[INSTRUCTIONS TO FOLLOW]
Pictures are to be excluded. Please print only the lines from the one containing "Lazmin Coffee Container" through the end of the data, exactly as they appear.
[Opening LISTED ENTRIES section]
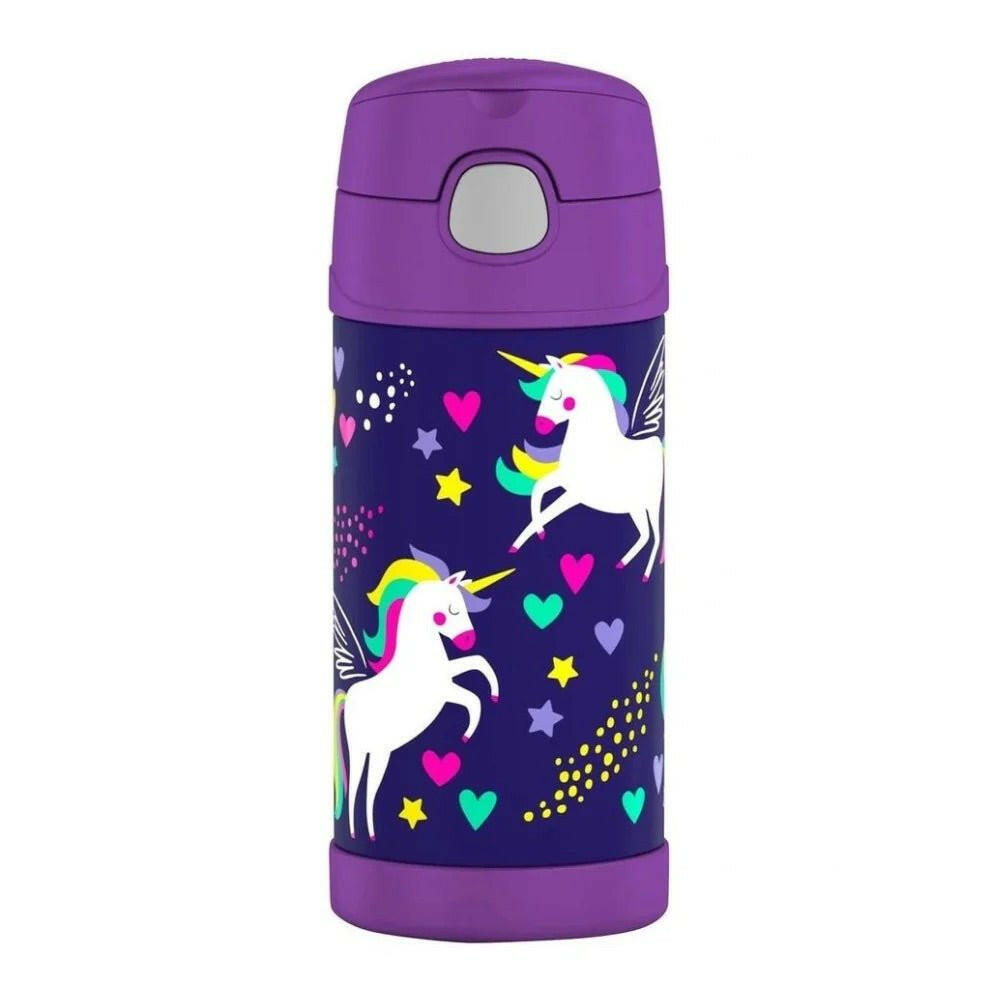 Thermos Drink Bottle - FUNtainer­ Stainless Steel Vacuum Insulated Drink Bottle 355ml PURPLE UNICORN - HYPHEN KIDS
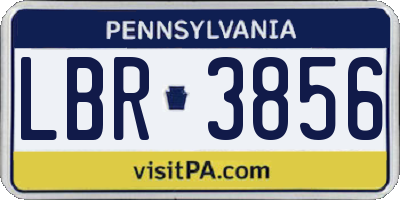 PA license plate LBR3856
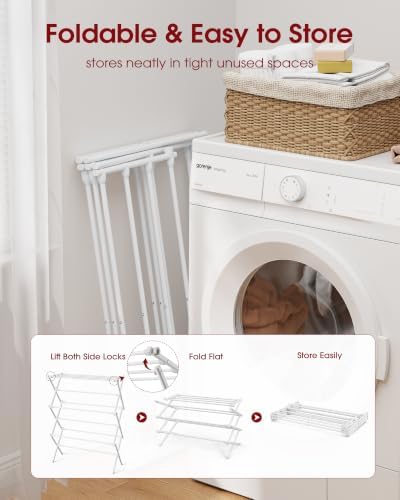 Sakugi Foldable 3-Tier Clothes Drying Rack 37.4" H - Image 4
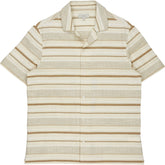 Moss Cream Brown Striped Short Sleeve Shirt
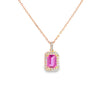 Dije con cadena en oro amarillo de 14K con diamantes de 0.17 ct y zafiro rosa de 1.28 ct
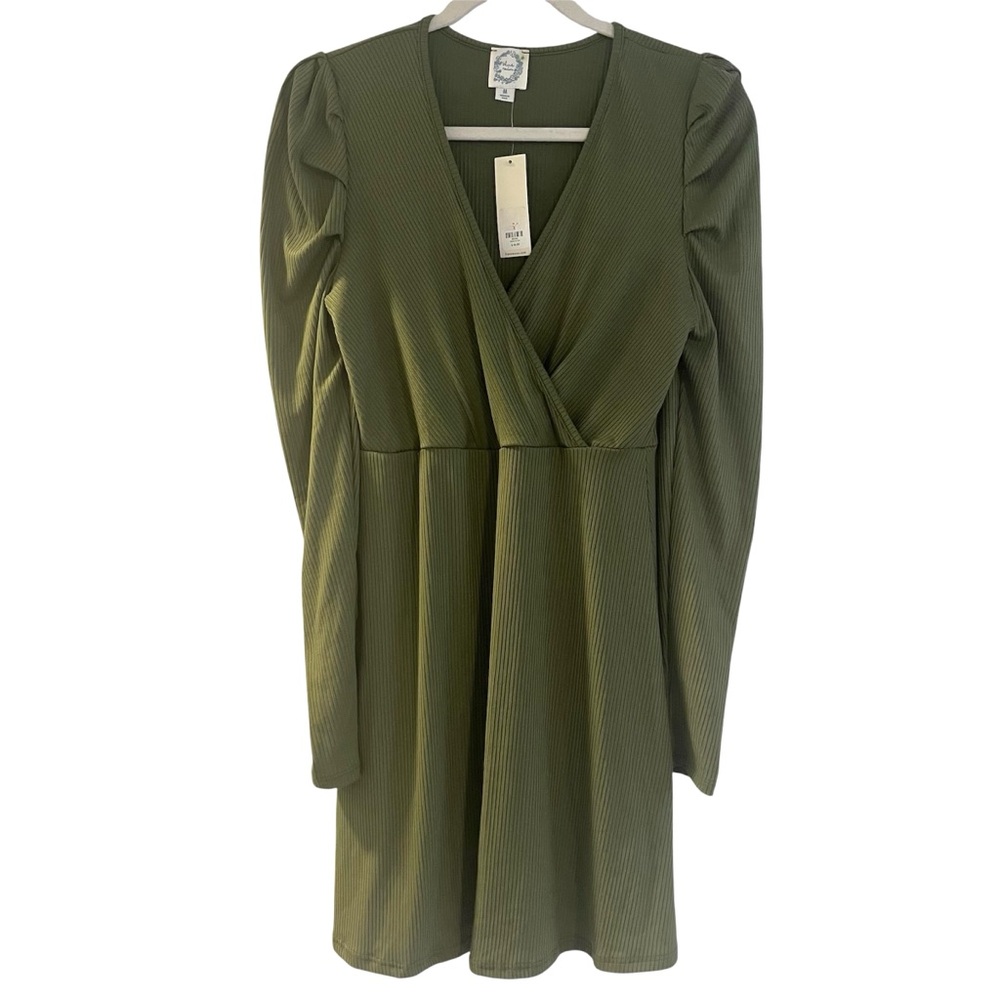 NWT Blue Rain Francescas Green Long Sleeve Mini Dress M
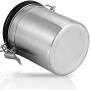 Lazmin Coffee Container Airtight, Stainless Steel Vacuum Sealed Kitchen Sotrage Canister for Coffee with CO2 Valve(Silver)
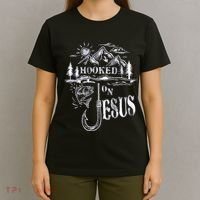 Hooked On Jesus Christ Faith Hope Love Religious T-Shirt thumb 4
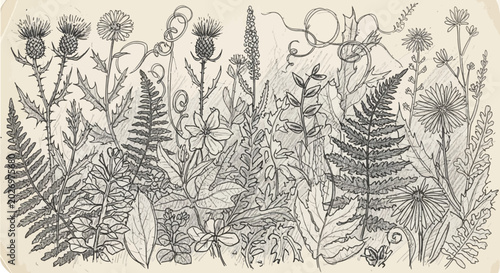 Vintage Botanical Illustration of Wildflowers and Ferns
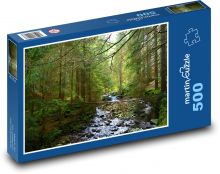 Les - potok, příroda Puzzle 500 - 46x30 cm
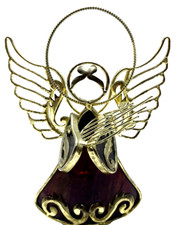 Stained Glass Angel Playing Harp Candle Holder Decor VTG Purple 6.5"x4.5"x3"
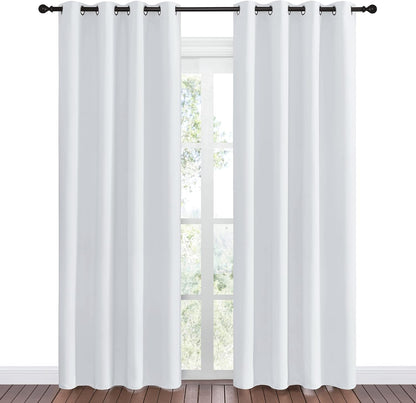 NICETOWN Room Darkening Curtains - Thermal Insulated Grommet Panels for Living Room | 2 Panels, 55x86, Greyish White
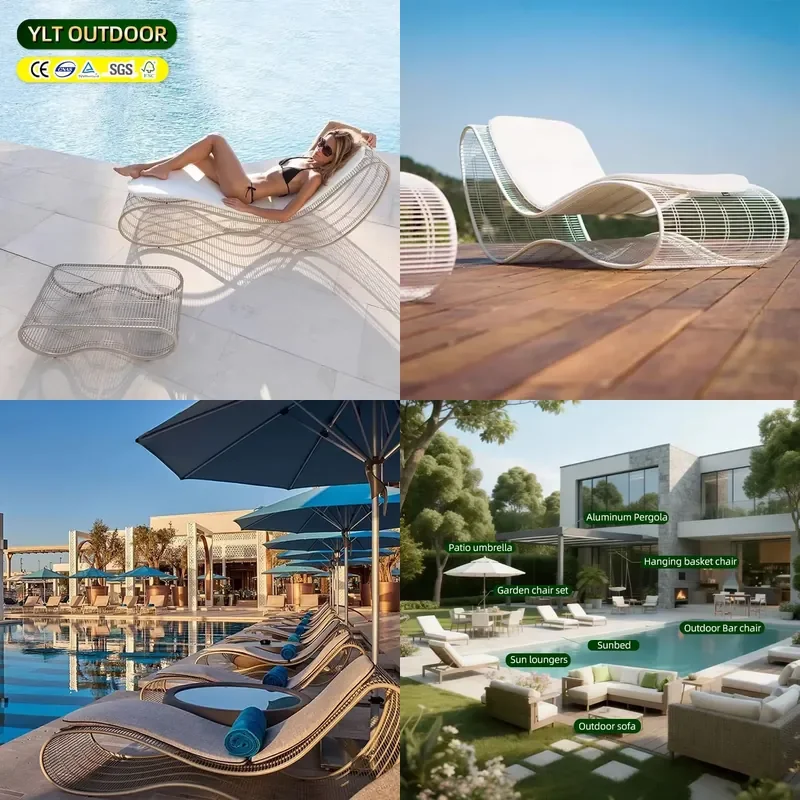Nordic Courtyard Outdoor Beach Chair Waterproof Garden Villa Pool Beach Chaise Seaside Sun-protection Aluminum Sun Loungers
[Closing LISTED ENTRIES section]
[ANSWER]
 Lazmin Coffee Container Airtight, Stainless Steel Vacuum Sealed Kitchen Sotrage Canister for Coffee with CO2 Valve(Silver)
 Hooked On Jesus Christ Faith Hope Love Religious T-Shirt thumb 4
 Vintage Botanical Illustration of Wildflowers and Ferns
 Les - potok, příroda Puzzle 500 - 46x30 cm
 Stained Glass Angel Playing Harp Candle Holder Decor VTG Purple 6.5"x4.5"x3"
 NICETOWN Room Darkening Curtains - Thermal Insulated Grommet Panels for Living Room | 2 Panels, 55x86, Greyish White
Nordic Courtyard Outdoor Beach Chair Waterproof Garden Villa Pool Beach Chaise Seaside Sun-protection Aluminum Sun Loungers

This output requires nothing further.